Vino el chico que les había servido y con ayuda de su lapicerito realizó con rapidez la suma de las consumiciones en su libreta y les indicó la cantidad a abonar. Ella abrió su bolsó y metió dentro su teléfono, aunque antes le echó una nueva ojeada. Guillermo expulsó con fuerza el aire con la nariz y se incorporó ligeramente, sacando la cartera del bolsillo trasero del pantalón, de la que extrajo un billete de veinte euros que depositó con cuidado encima del plato con la cuenta. Clara miró cómo volvía a reintegrar la cartera en el bolsillo.
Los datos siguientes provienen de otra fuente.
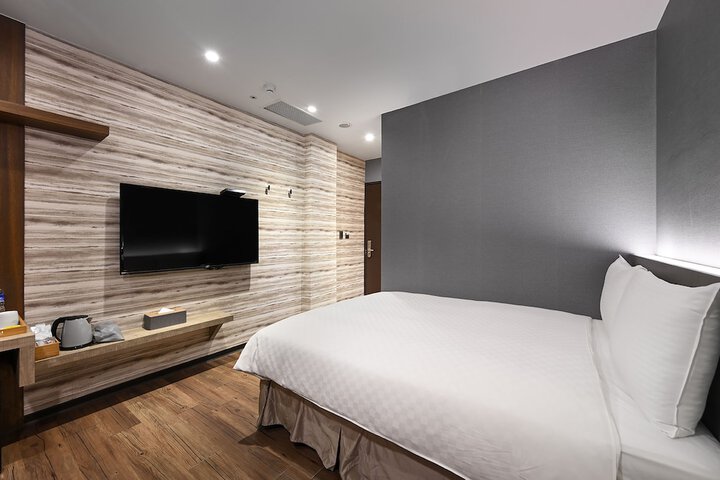 Room 46 of 78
Al llegar a la puerta de la cafetería, Guillermo se apartó para dejarla pasar primero. Ella dijo un gracias casi inaudible. En ese momento se dio cuenta de que llevaba unos zapatos bajos sin tacón de color marrón un tanto arañados.

- ¿Vas para el metro? -preguntó él.
- Creo que cogeré un taxi.

Se besaron en la mejilla prometiéndose que se verían otro día. Guillermo se metió las manos en los bolsillos de la cazadora y fue caminando a paso ágil hasta la parada de autobús. Mientras esperaba miró la hora y calculó cuándo aproximadamente podría estar ya en su casa. Se encontraba cansado y al día siguiente tenía que madrugar para ir a trabajar al taller.